When they moved back to Kodiak, Sue opened her own clinic here, Arctic Physical Therapy Services Incorporated. She still owns the clinic and says, “I have been fortunate to work and be associated with empathetic, skilled, and caring practitioners – many of whom teach at Kodiak College in the Department of Health Sciences with me now.”
When Dr Bane retired in 2005, he asked Sue to fill in for a year. That has turned into sixteen. “Physical Therapy and Teaching are the same in that you get paid to help people,” she says. She has taught both face to face and online, but prefers teaching online. “Currently, with COVID—19 the ability to teach a quality distance course is a necessity. Professors at Kodiak College are required to think outside the box to create a valuable learning experience for our students. I find that teaching in an online environment can be even more engaging for the student as there is less fear about answering a question incorrectly than in a face to face environment.”
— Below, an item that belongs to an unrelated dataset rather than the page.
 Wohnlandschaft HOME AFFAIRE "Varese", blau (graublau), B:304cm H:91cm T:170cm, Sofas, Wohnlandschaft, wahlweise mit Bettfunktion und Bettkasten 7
Sue has added to her online teaching toolbox with trainings and by becoming a Technology Fellow.
“Historically, online science courses were challenged as to their efficacy. That is why it is so important to have programs like Quality Matters as an objective measure and learning tool for our faculty and adjuncts that teach online. We need constant assessment and measurement tools to gauge student progress and success.”
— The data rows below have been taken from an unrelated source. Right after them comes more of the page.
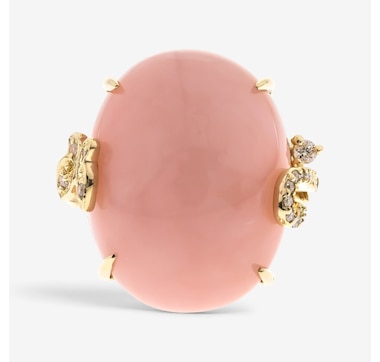 14K Yellow Gold Pink Opal Ring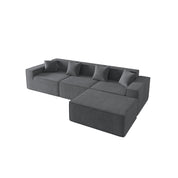 Tribeca 3 Seater Corduroy Sofa with Ottoman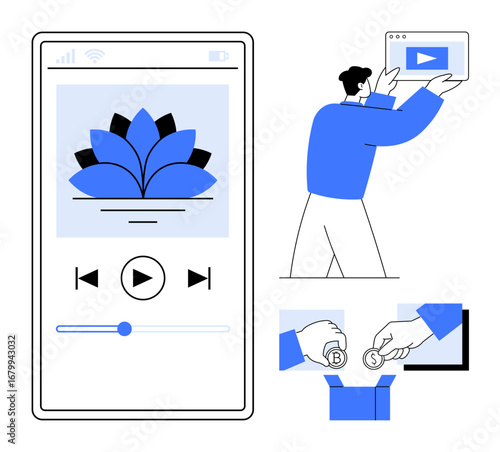 Smartphone screen with a media player, person holding a tablet with video, and hands donating coins. Ideal for digital media, content creation, video streaming, user engagement, charitable giving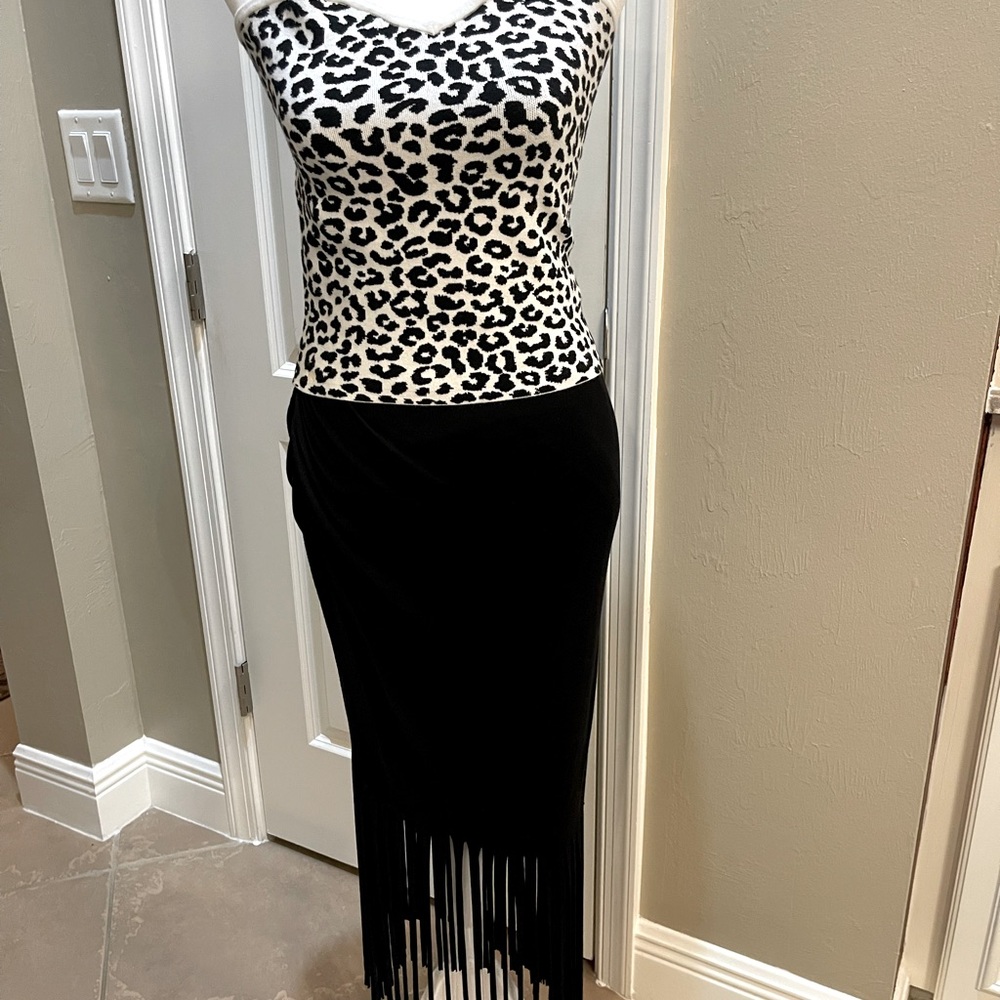 Express women’s leopard halter SZ -6with INC cotton fringe black skirt SZ -8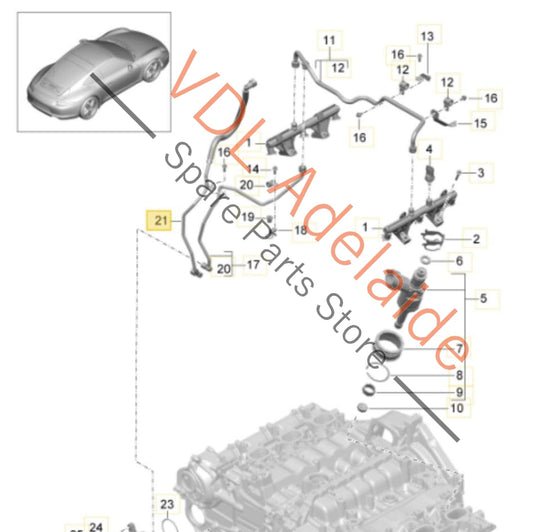 9A111090604 Porsche 911 High Pressure Fuel Petrol Pipe Hose 9A111090604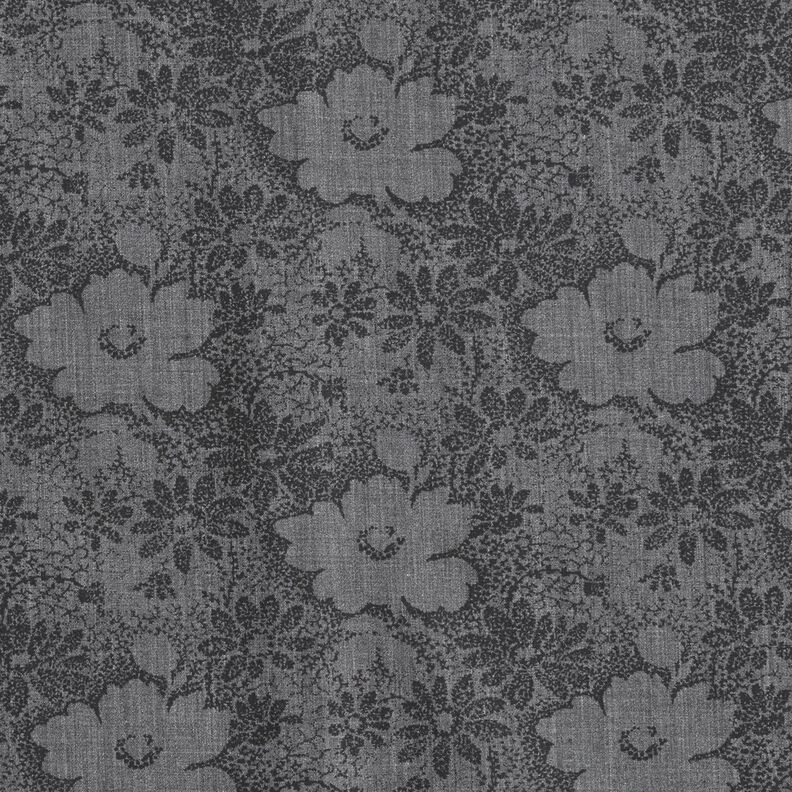 Tissu pour chemise à fleurs – gris/noir,  image number 1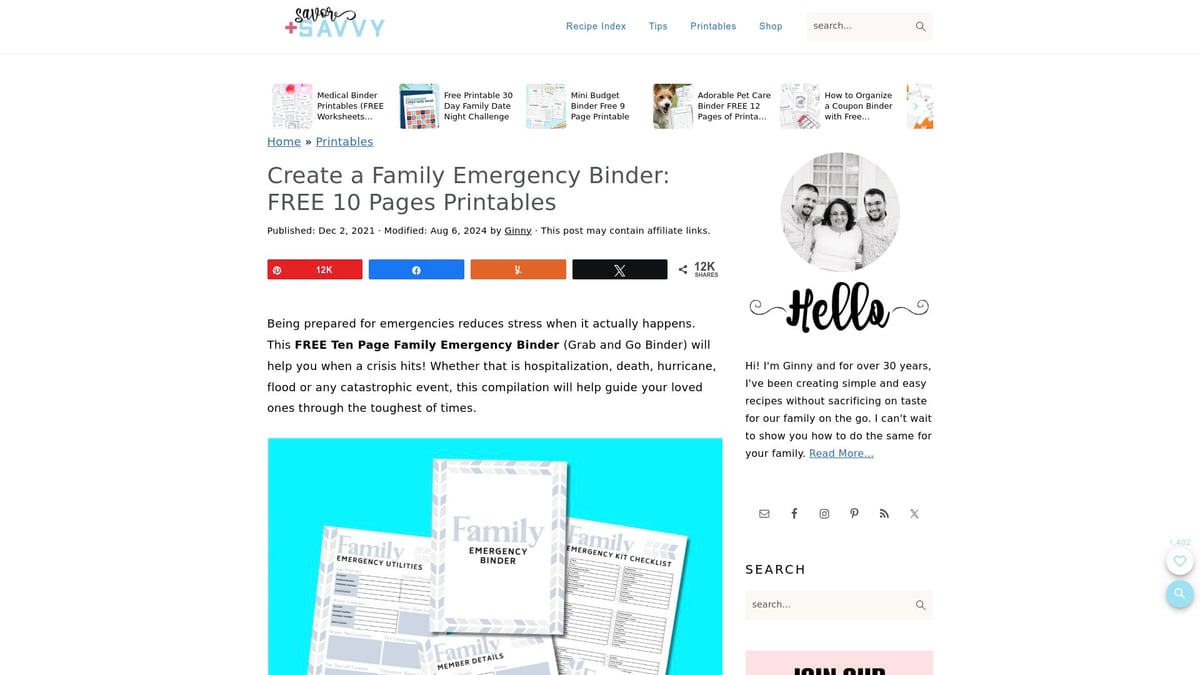 7 Essential Free Emergency Binder Printables PDF for 2025 - Family Emergency Binder by Savor + Savvy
She is frequently a keynote speaker on best practices for distance learning. One highlight of her academic career was receiving a WICHE/NANSLO grant that allowed her and her team to work with microscopy and robotics. It was named among the top 5 national grants in 2012. They integrated the program into courses like MA101: Medical Terminology, giving students access via their computers to a robot in British Columbia which loads microscopic slides onto a microscope so students could see specimens over their computers.
Sue is excited to oversee a new educational opportunity for Kodiak students hoping to enter the health care field. Beginning in Fall 2022, students can earn an accredited Medical Assisting Certificate without leaving the island, taking hybrid courses and clinical skills lab intensives for two years. After graduating, medical assistants can work alongside health care practitioners in a variety of health care settings.
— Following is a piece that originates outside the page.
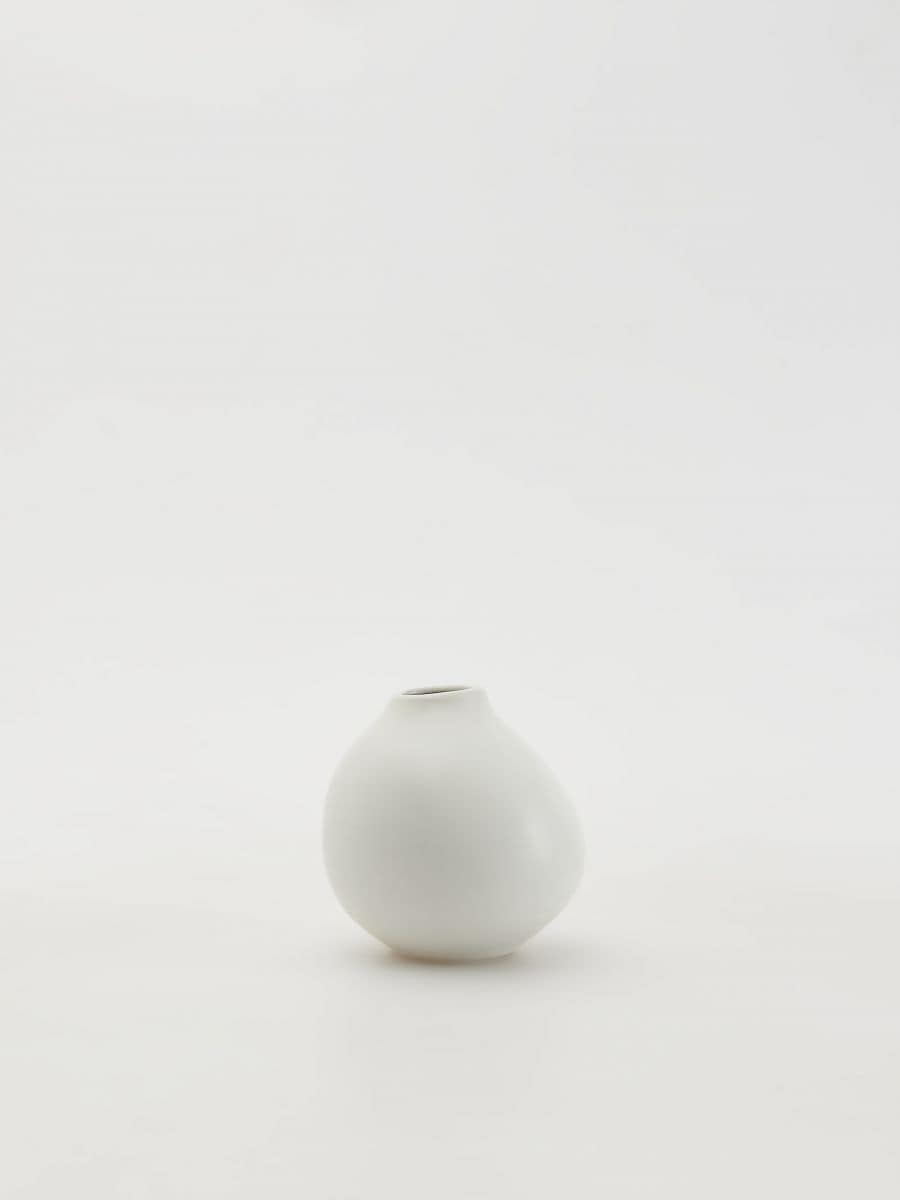 Irregularly shaped vase - white - RESERVED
One book she recommends to all of her students is Bed Number Ten, by Sue Baier, about a woman who has Guillain- Barre Syndrome. One day the author is playing tennis and the next day she’s on a ventilator and can only communicate by blinking. She writes about nine months spent in the hospital and about the treatment that she received, which varied from being completely ignored to periods of kindness.
“I was assigned this book as a student and it was the most influential book that I read throughout graduate school. Anyone going into the healthcare field should read it.”
Sue now teaches from Tennessee. What she loved best about their years in Kodiak is
“Hands down the people. Everyone is your neighbor. We never locked our house and kept the keys in the ignition. The friends
we met are like family and will remain so. We were avid ocean kayakers, hikers, bikers,
hunters, fishermen/women, campers and enjoyed any outdoor activity.” Her perfect day
remains one that involves hiking with her family. In her free time, Sue enjoys listening
to audiobooks, and being
outside. She teaches a weekly senior exercise class and plays Mah-jong. She also makes jewelry for a local outdoor art market.
Both of her sons were born in Kodiak. Her oldest son Josh is currently in Law School. Her youngest son Zander has just begun college.
“My proudest accomplishment is raising two independent individuals who also would like to help people, the environment, and improve the overall system.”